======== Source material ========
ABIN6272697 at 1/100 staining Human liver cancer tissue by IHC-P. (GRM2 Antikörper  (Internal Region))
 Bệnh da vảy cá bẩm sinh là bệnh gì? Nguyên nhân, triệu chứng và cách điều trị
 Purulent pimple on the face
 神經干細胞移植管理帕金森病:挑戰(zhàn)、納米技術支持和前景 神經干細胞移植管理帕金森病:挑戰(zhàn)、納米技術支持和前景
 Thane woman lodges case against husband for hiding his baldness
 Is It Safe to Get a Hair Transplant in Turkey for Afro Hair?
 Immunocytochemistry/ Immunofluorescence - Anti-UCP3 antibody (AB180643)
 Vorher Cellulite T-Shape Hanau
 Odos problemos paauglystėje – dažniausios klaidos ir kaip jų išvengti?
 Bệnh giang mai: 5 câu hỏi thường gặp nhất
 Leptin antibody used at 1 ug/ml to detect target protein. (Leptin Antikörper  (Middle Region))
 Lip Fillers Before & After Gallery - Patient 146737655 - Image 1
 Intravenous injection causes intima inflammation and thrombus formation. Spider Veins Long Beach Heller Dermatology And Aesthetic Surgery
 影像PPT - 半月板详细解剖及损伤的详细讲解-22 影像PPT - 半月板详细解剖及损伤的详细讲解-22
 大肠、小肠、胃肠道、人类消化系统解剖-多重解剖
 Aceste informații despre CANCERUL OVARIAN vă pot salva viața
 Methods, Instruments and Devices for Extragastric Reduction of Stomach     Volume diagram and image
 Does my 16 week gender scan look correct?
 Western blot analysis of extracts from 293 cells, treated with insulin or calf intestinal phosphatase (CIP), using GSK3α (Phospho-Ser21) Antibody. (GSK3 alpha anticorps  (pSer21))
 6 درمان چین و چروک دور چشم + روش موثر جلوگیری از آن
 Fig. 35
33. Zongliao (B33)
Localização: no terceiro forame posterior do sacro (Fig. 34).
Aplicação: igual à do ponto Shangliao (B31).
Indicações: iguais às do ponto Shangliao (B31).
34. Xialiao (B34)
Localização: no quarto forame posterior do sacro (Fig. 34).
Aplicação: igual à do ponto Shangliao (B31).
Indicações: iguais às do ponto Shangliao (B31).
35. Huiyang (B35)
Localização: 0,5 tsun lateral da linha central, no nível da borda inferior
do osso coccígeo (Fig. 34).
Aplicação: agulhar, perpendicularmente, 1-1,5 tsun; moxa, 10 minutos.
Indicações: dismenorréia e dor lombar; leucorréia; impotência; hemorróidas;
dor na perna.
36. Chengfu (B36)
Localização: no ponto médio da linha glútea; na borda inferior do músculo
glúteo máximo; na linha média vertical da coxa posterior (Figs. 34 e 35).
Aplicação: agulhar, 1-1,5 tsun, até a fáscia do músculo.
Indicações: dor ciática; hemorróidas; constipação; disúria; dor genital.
========
Exercise objective:
Everything from the first line of the entries above through the line with "Bệnh giang mai: 5 câu hỏi thường gặp nhất" is to be reproduced exactly, and nothing else.

Answer area:
ABIN6272697 at 1/100 staining Human liver cancer tissue by IHC-P. (GRM2 Antikörper  (Internal Region))
 Bệnh da vảy cá bẩm sinh là bệnh gì? Nguyên nhân, triệu chứng và cách điều trị
 Purulent pimple on the face
 神經干細胞移植管理帕金森病:挑戰(zhàn)、納米技術支持和前景 神經干細胞移植管理帕金森病:挑戰(zhàn)、納米技術支持和前景
 Thane woman lodges case against husband for hiding his baldness
 Is It Safe to Get a Hair Transplant in Turkey for Afro Hair?
 Immunocytochemistry/ Immunofluorescence - Anti-UCP3 antibody (AB180643)
 Vorher Cellulite T-Shape Hanau
 Odos problemos paauglystėje – dažniausios klaidos ir kaip jų išvengti?
 Bệnh giang mai: 5 câu hỏi thường gặp nhất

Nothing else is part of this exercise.